Elongation growth

from Wikipedia, the free encyclopedia

The elongation growth is the increase in the length of plant organs, which is not based on a proliferation, but on an elongation of cells .

The affected cells stretch by plastically stretching the cell wall while absorbing water into the vacuoles . The absorption of water is triggered by an accumulation of osmotically active substances such as potassium and malic acid in the vacuoles. The resulting turgor leads to a stretching of the cell wall, which is promoted at the same time by acidification and by the excretion of enzymes from the cell. The direction of stretching is determined by the orientation of the non-stretchable cellulose fibers in the cell wall, i.e. it is perpendicular to the preferred orientation of the fibers.

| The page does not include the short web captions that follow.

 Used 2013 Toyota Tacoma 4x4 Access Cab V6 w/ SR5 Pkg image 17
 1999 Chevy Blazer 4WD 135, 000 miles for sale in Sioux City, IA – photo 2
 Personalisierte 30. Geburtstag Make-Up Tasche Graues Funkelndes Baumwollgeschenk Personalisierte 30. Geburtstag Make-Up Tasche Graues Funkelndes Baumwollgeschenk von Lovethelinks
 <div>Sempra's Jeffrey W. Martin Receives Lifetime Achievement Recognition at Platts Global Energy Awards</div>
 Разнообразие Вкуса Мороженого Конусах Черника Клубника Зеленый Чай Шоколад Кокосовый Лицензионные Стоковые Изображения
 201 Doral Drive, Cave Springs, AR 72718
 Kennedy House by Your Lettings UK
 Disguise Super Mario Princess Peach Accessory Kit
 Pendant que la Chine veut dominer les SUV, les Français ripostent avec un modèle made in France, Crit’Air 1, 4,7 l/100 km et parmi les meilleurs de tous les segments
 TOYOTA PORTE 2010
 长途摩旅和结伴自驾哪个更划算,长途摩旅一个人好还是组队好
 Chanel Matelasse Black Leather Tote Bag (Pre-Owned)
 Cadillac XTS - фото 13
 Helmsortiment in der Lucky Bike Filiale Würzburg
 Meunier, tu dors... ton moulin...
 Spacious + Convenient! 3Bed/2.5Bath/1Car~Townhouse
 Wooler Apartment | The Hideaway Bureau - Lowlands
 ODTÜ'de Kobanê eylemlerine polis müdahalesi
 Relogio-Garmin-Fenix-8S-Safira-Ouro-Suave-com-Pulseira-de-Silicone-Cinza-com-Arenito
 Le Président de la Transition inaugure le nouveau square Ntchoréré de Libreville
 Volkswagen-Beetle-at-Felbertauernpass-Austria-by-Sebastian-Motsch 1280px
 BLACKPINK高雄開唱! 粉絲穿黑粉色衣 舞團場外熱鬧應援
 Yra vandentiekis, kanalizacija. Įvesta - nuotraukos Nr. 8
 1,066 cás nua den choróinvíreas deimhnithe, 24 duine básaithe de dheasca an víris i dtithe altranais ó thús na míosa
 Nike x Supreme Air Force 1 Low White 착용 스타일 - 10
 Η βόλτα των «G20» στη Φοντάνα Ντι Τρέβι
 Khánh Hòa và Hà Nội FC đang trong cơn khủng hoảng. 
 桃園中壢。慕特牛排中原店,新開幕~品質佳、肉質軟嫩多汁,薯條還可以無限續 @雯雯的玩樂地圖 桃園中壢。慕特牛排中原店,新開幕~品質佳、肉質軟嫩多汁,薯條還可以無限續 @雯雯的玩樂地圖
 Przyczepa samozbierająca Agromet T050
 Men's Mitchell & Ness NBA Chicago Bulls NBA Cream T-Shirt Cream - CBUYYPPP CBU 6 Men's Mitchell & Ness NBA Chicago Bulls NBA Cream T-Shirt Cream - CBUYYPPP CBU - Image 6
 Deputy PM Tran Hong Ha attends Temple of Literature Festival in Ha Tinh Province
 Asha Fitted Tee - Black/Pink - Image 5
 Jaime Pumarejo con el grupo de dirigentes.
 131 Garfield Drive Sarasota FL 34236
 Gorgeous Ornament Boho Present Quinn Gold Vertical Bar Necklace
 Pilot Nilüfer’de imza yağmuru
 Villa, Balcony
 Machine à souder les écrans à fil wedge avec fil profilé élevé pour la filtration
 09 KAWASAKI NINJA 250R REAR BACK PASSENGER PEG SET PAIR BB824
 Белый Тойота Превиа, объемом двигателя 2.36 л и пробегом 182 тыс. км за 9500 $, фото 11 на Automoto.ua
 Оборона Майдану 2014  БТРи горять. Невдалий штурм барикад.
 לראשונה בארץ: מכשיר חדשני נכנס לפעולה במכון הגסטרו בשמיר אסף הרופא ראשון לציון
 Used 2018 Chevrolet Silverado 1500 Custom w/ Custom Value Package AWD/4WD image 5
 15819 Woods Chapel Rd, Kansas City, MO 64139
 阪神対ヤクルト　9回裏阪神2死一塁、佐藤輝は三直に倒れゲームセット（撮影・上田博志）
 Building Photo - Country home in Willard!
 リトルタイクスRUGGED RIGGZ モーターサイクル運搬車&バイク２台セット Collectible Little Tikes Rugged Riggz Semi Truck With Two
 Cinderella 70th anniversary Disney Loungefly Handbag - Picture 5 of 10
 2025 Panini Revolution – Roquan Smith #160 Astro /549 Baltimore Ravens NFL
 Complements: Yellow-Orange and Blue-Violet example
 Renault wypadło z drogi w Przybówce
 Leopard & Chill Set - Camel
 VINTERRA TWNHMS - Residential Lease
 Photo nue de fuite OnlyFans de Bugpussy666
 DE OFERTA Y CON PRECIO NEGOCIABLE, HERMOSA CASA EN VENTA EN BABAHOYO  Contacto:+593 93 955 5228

Examples of growth based solely on cell elongation are the budding of many trees in spring, the rapid elongation of the shoot in bamboo (58 cm per day) and the elongation of the seta (stem of the spore capsule) in mosses . Usually, however, the elongation growth follows the division growth ( cell division ) and the plasma growth (increase in the cytoplasm after the last cell division) as the last phase (see plant growth ).


Individual evidence

  1. ^ Joachim W. Kadereit, Christian Körner, Benedikt Kost, Uwe Sonnewald: Strasburger Textbook of Plant Sciences . Springer Spectrum, Berlin / Heidelberg 2014, p. 264.